▶ _Directions for this task_: Starting at the first line of the entries below, please return exactly each line up to and including the one with "Graduado en Multimedia"; pictures stay out.

Captioned web images
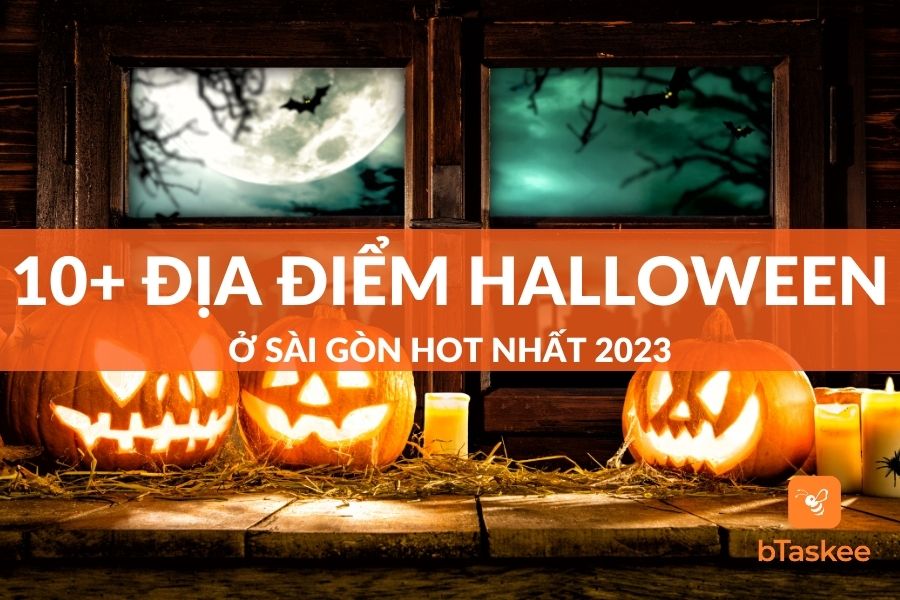 Top 8+ Địa Điểm Chơi Halloween Ở Sài Gòn Hot Nhất 2023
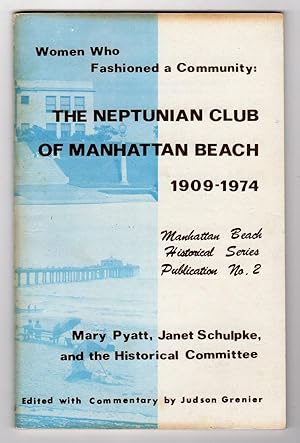 Seller image for WOMEN WHO FASHIONED A COMMUNITY: THE NEPTUNIAN CLUB OF MANHATTAN BEACH, 1909-1974 (MANHATTAN BEACH HISTORICAL SERIES PUBLICATION, NO. 2) for sale by Champ & Mabel Collectibles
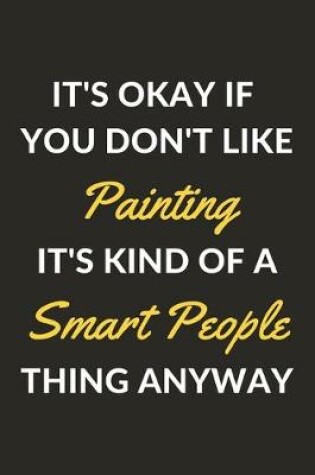 Cover of It's Okay If You Don't Like Painting It's Kind Of A Smart People Thing Anyway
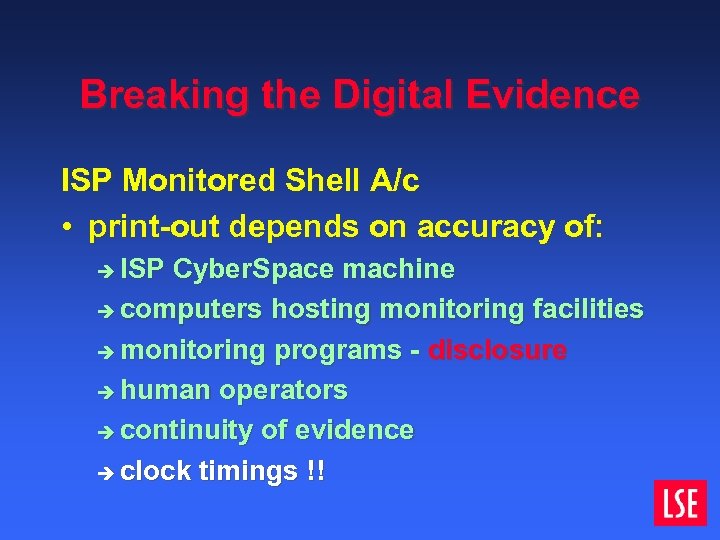 Breaking the Digital Evidence ISP Monitored Shell A/c • print-out depends on accuracy of:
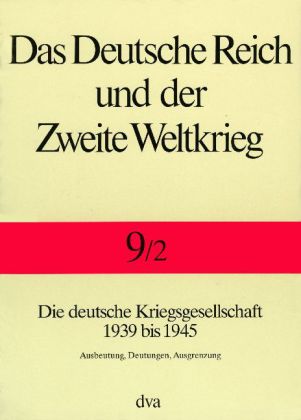 Die deutsche Kriegsgesellschaft 1939 bis 1945. Tl.2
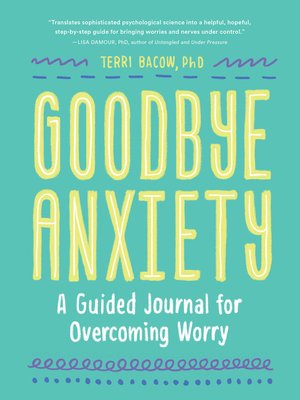 cover image of Goodbye, Anxiety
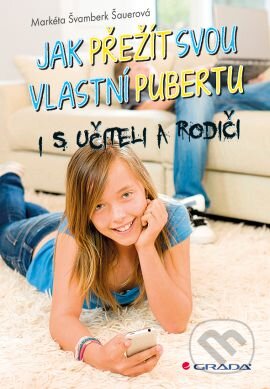 Jak přežít svou vlastní pubertu-Markéta Švamberk Šauerová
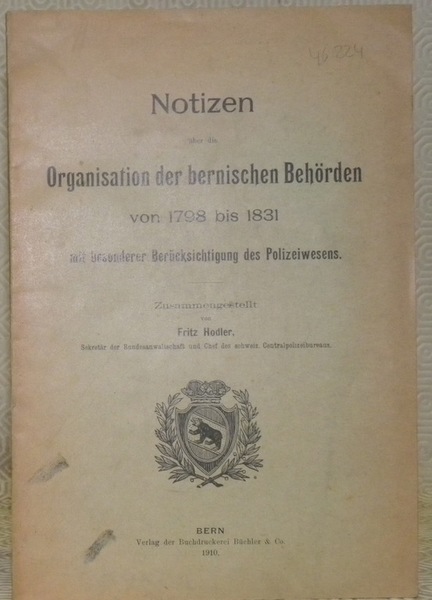 Notizen über die Organisation der bernischen Behörden von 1798 bis …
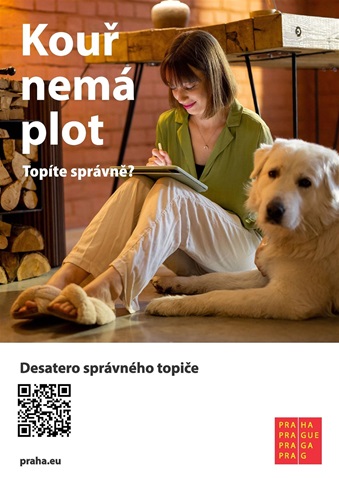 Kouř nemá plot
aneb
Kvalitu ovzduší v Praze ovlivňuje i to, jak a čím topíme 
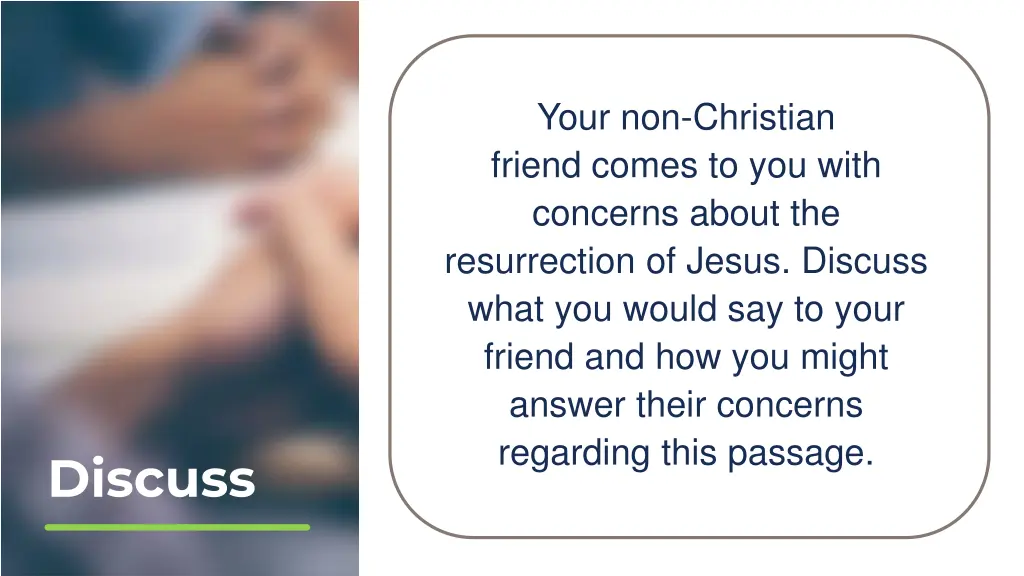 your non christian friend comes to you with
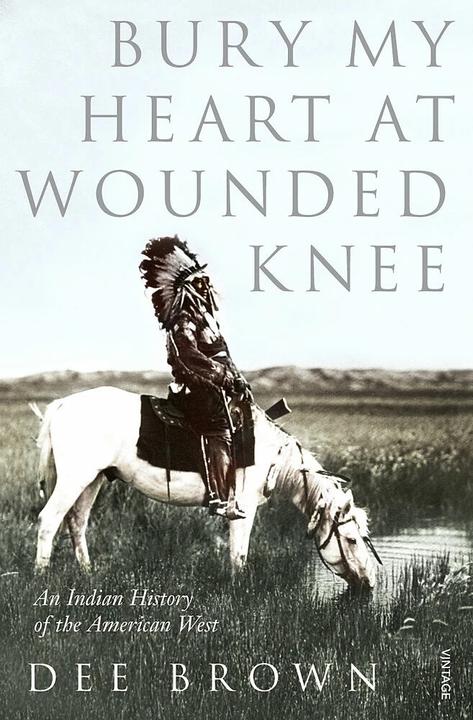 Image du produit Bury My Heart at Wounded Knee (Anglais, Dee Brown, 1987)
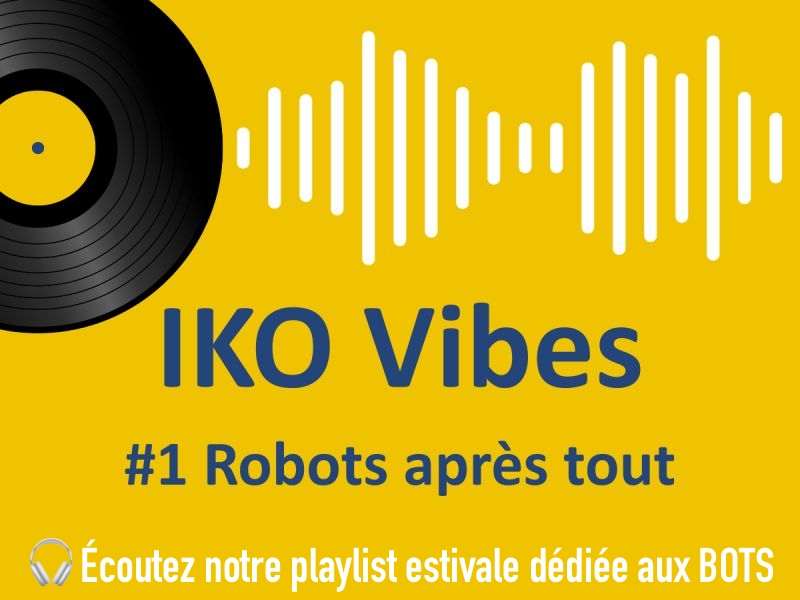 IKO-Vibes #1 – Robots après tout – Notre playlist estivale dédiée aux BOTS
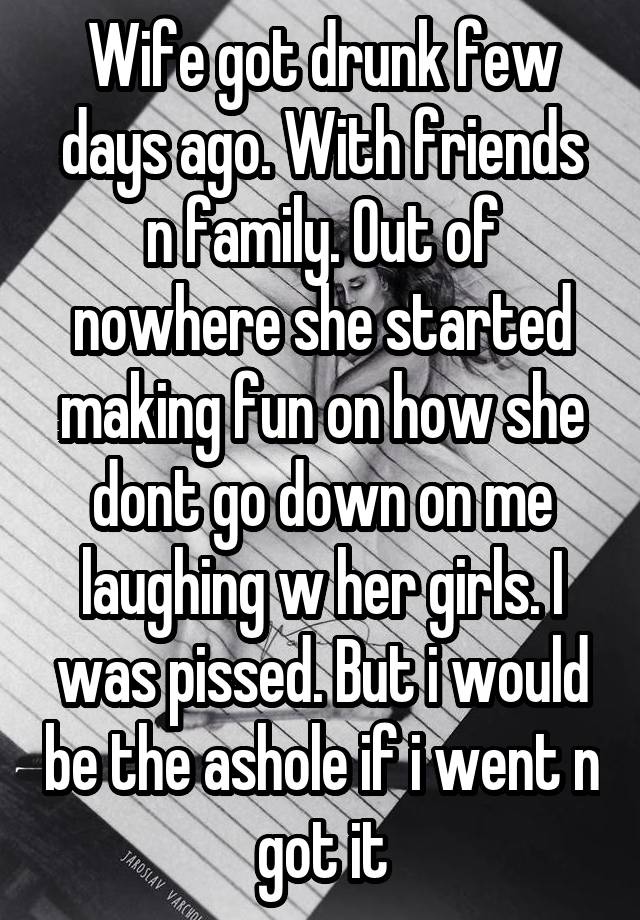 Wife got drunk few days ago. With friends n family. Out of nowhere she started making fun on how she dont go down on me laughing w her girls. I was pissed. But i would be the ashole if i went n got it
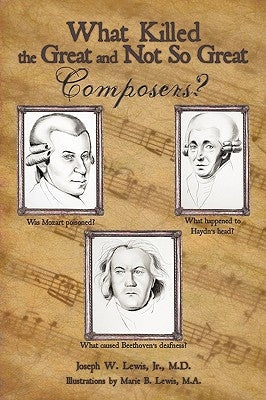 What Killed the Great and Not So Great Composers? by Lewis, Joseph W., Jr.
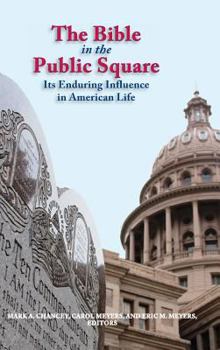 Hardcover The Bible in the Public Square: Its Enduring Influence in American Life Book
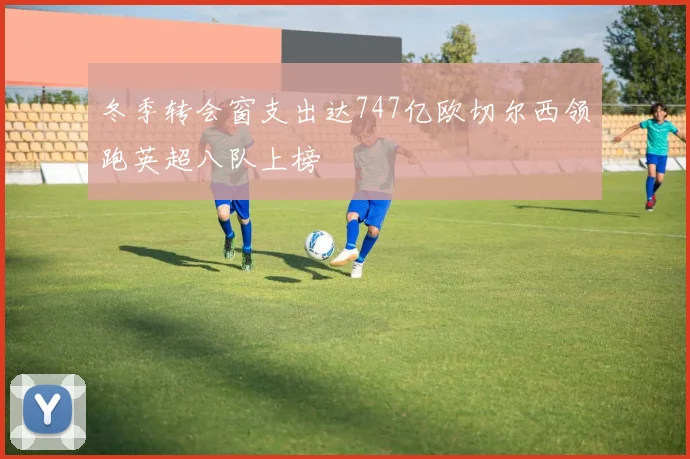 冬季转会窗支出达747亿欧切尔西领跑英超八队上榜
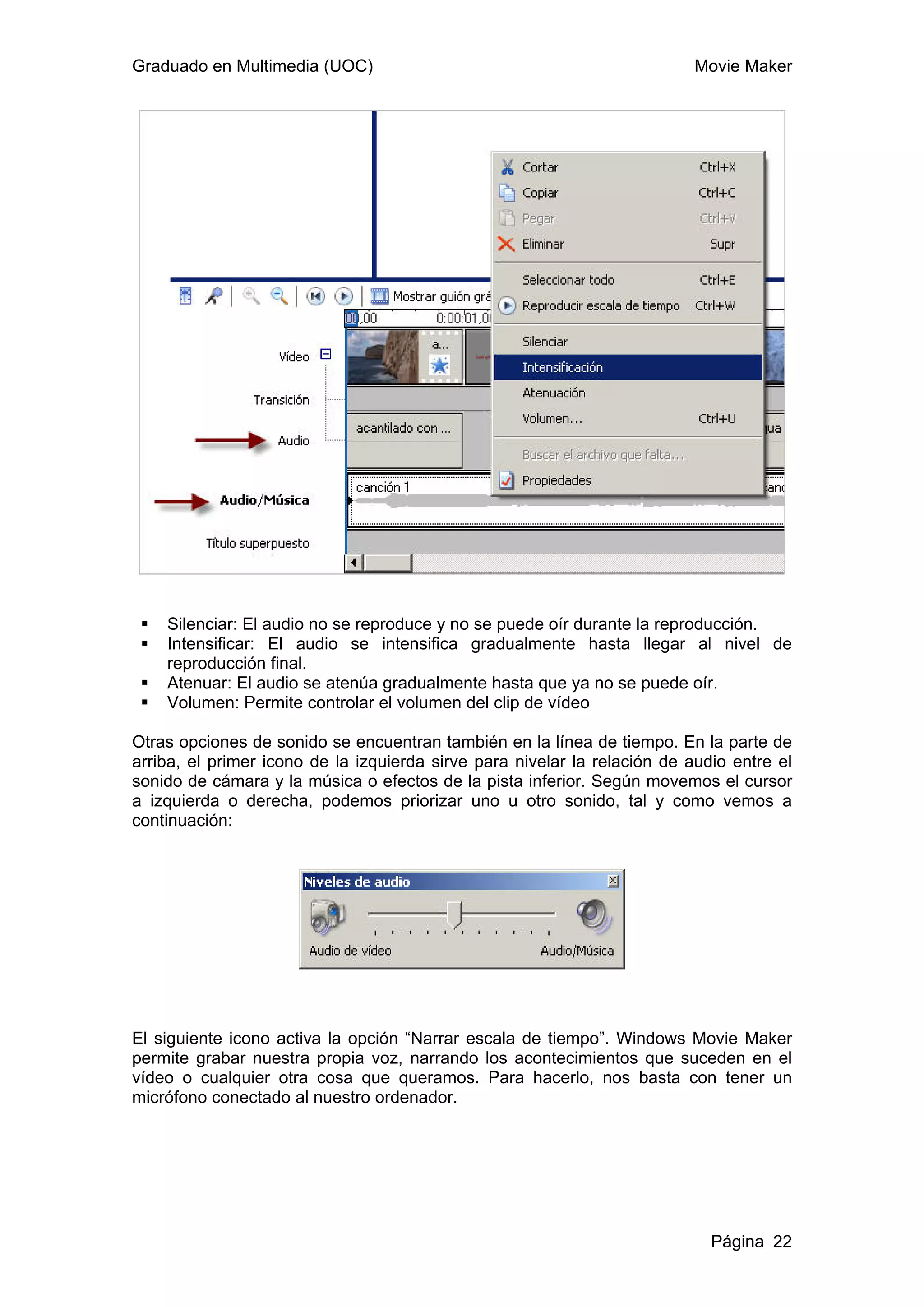 Graduado en Multimedia (UOC)                                              Movie Maker




    Silenciar: El audio no se reproduce y no se puede oír durante la reproducción.
    Intensificar: El audio se intensifica gradualmente hasta llegar al nivel de
    reproducción final.
    Atenuar: El audio se atenúa gradualmente hasta que ya no se puede oír.
    Volumen: Permite controlar el volumen del clip de vídeo

Otras opciones de sonido se encuentran también en la línea de tiempo. En la parte de
arriba, el primer icono de la izquierda sirve para nivelar la relación de audio entre el
sonido de cámara y la música o efectos de la pista inferior. Según movemos el cursor
a izquierda o derecha, podemos priorizar uno u otro sonido, tal y como vemos a
continuación:




El siguiente icono activa la opción “Narrar escala de tiempo”. Windows Movie Maker
permite grabar nuestra propia voz, narrando los acontecimientos que suceden en el
vídeo o cualquier otra cosa que queramos. Para hacerlo, nos basta con tener un
micrófono conectado al nuestro ordenador.




                                                                             Página 22
 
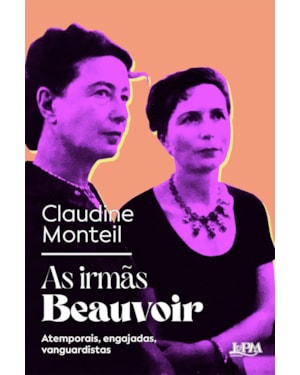 AS IRMÃS BEAUVOIR: ATEMPORAIS, ENGAJADAS, VANGUARDISTAS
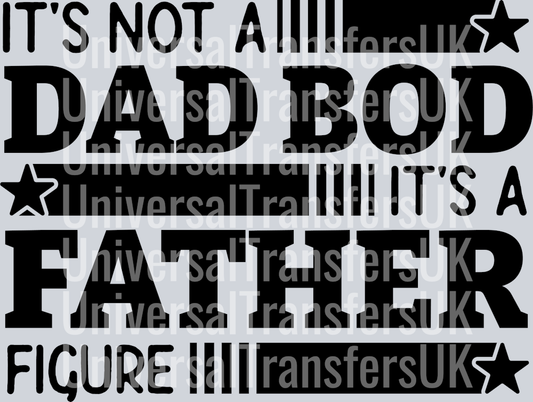 It's Not A Dad Bod, It's a Father Figure Black Text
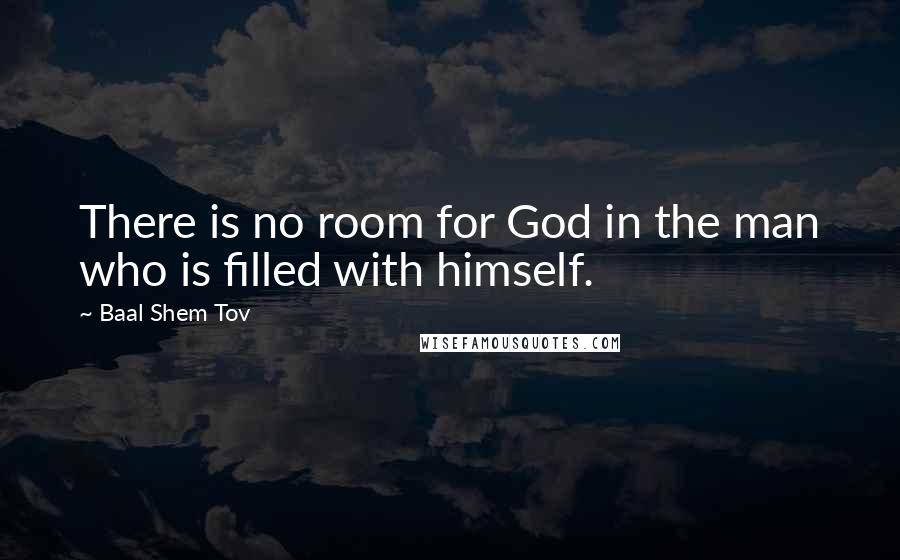 Baal Shem Tov Quotes: There is no room for God in the man who is filled with himself.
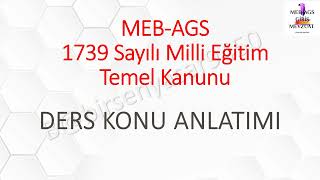 MEBAGS 1739 Sayılı Milli Eğitim Temel Kanunu Konu Anlatımı 1 [upl. by Moser]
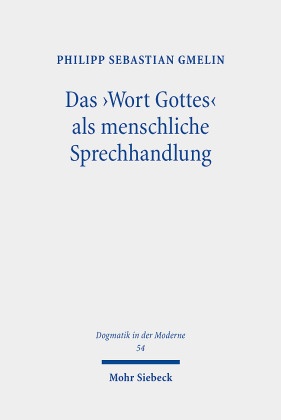 Das ,Wort Gottes' als menschliche Sprechhandlung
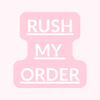 RUSH MY ORDER - *NOT A SKIP THE LINE!!!*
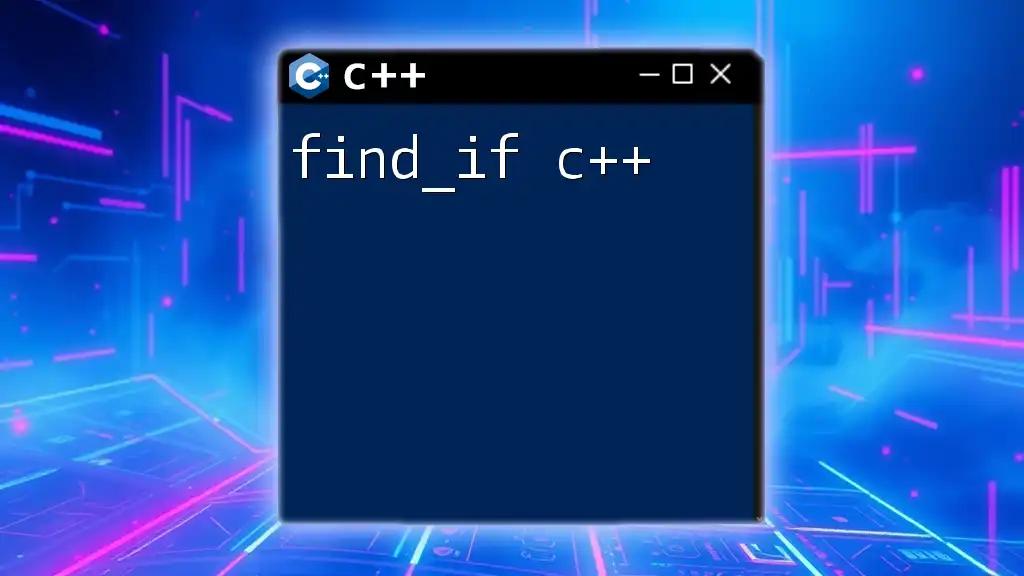 Mastering find_if in C++: A Quick Guide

▶ _Completed exercise_:
 Top 8+ Địa Điểm Chơi Halloween Ở Sài Gòn Hot Nhất 2023
 Seller image for WOMEN WHO FASHIONED A COMMUNITY: THE NEPTUNIAN CLUB OF MANHATTAN BEACH, 1909-1974 (MANHATTAN BEACH HISTORICAL SERIES PUBLICATION, NO. 2) for sale by Champ & Mabel Collectibles
 Cover of It's Okay If You Don't Like Painting It's Kind Of A Smart People Thing Anyway
 Breaking the Digital Evidence ISP Monitored Shell A/c • print-out depends on accuracy of:
 Die deutsche Kriegsgesellschaft 1939 bis 1945. Tl.2
 cover image of Goodbye, Anxiety
 Jak přežít svou vlastní pubertu-Markéta Švamberk Šauerová
 Notizen über die Organisation der bernischen Behörden von 1798 bis …
 Kouř nemá plot
aneb
Kvalitu ovzduší v Praze ovlivňuje i to, jak a čím topíme 
 your non christian friend comes to you with
 Image du produit Bury My Heart at Wounded Knee (Anglais, Dee Brown, 1987)
 IKO-Vibes #1 – Robots après tout – Notre playlist estivale dédiée aux BOTS
 Wife got drunk few days ago. With friends n family. Out of nowhere she started making fun on how she dont go down on me laughing w her girls. I was pissed. But i would be the ashole if i went n got it
 What Killed the Great and Not So Great Composers? by Lewis, Joseph W., Jr.
 Hardcover The Bible in the Public Square: Its Enduring Influence in American Life Book
 冬季转会窗支出达747亿欧切尔西领跑英超八队上榜
 Graduado en Multimedia (UOC)                                              Movie Maker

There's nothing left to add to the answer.